Businesses are increasingly concerned about ESG fraud, which is when a company’s environmental, social and governance efforts or data are exaggerated, embellished or distorted.
A new survey by KPMG in Canada of 300 Canadian organizations victimized by fraud found that 89% of respondents said they’re facing intense scrutiny from stakeholders to demonstrate progress on ESG targets.
The majority of the respondents said they’re worried these pressures are increasing the risk of ESG fraud.
The majority also said they’re worried their organization could inadvertently commit ESG fraud.
Becky Seidler, a partner in KPMG’s forensic and dispute advisory practice, said pressure from stakeholders can be a force for positive change, but can also motivate some to misrepresent their sustainability and financial metrics for corporate or personal gain.

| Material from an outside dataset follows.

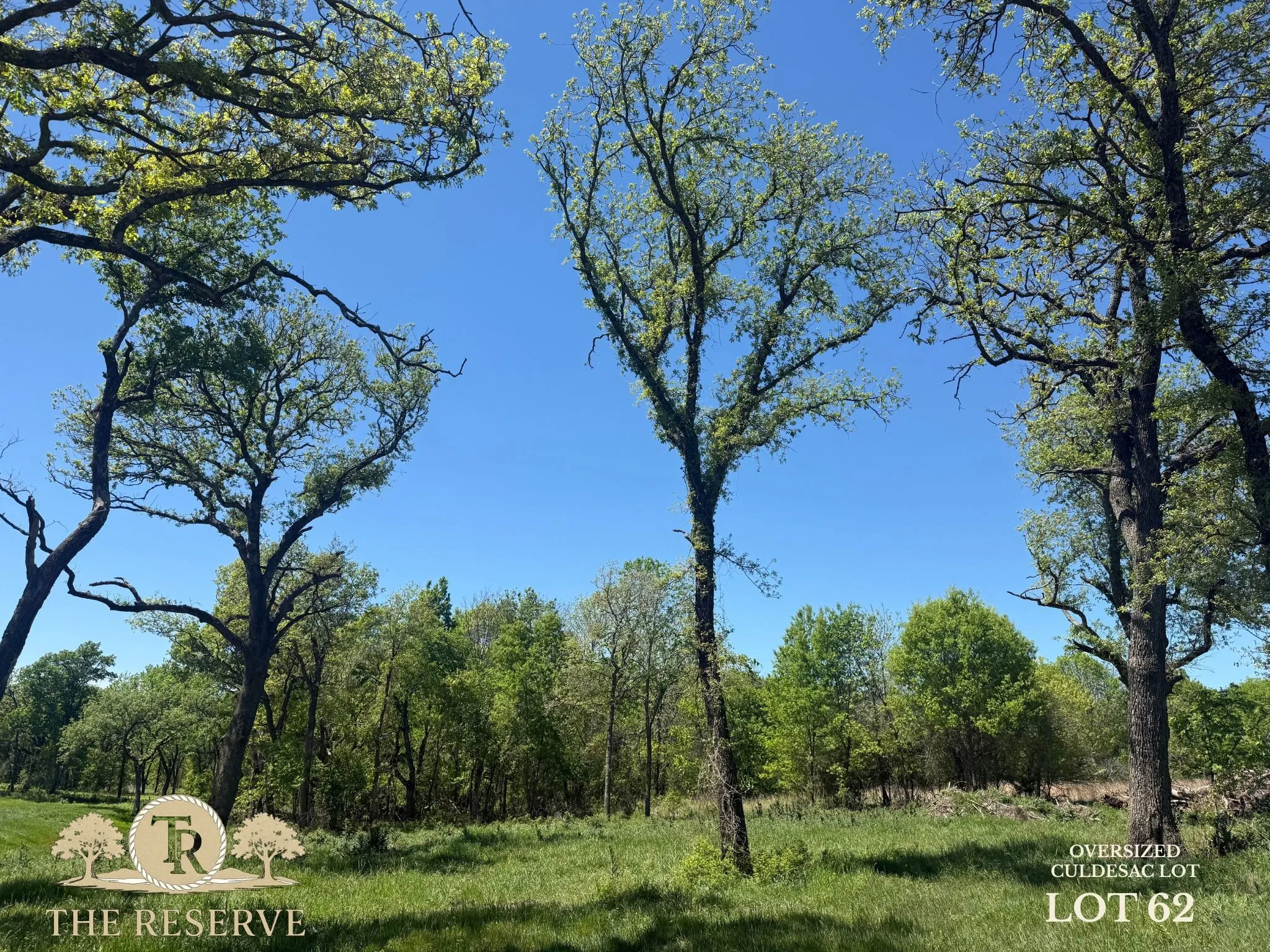Unimproved Land For Sale in Parker County , Lot 62 & 63 Camden Lane, Springtown, Texas 76082, 0, 0, Garage spaces, 0 Sqft, built in 0, Price $175,000, mls#21075688, Real Estate Agent in Springtown, Homes For Sale in Parker county, Homes For Sale in Springtown, Realtor in Springtown Texas, Real Estate Brokerage Independent Realty Texas, Luminita Cordes Realtor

“The consequences of ESG fraud can be significant, including financial and reputational harm, and quite possibly the loss of social license to operate if stakeholder trust is damaged,” she said.

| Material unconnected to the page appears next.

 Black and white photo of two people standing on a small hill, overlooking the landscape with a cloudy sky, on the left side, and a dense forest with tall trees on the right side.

ESG fraud can take many forms, including falsifying carbon offsets in reporting, greenwashing, misusing ESG grant funds, and others, Seidler said.
Almost a quarter of the surveyed organizations, all of which dealt with fraud in the past five years, said they have experienced or are currently experiencing ESG fraud.
In some cases, the fraud was internal, meaning employees or teams within the company were found to have embellished, distorted or exaggerated ESG data or efforts, KPMG said.
Others are dealing with external ESG fraud from their suppliers or vendors. And still others have dealt with both internal and external ESG fraud.
With heightened scrutiny around ESG disclosure and performance right now, Seidler said ESG fraud or negligent misrepresentation could lead to a securities or Competition Bureau investigation, or even a class-action lawsuit.
The survey underscores the need for organizations to have strong controls that can identify and prevent ESG fraud, Seidler said.
“ESG fraud is a new and emerging risk for many organizations. That’s why it’s crucial for businesses to build anti-fraud defences into their ESG strategies early and proactively, rather than reacting after the fact,” she said.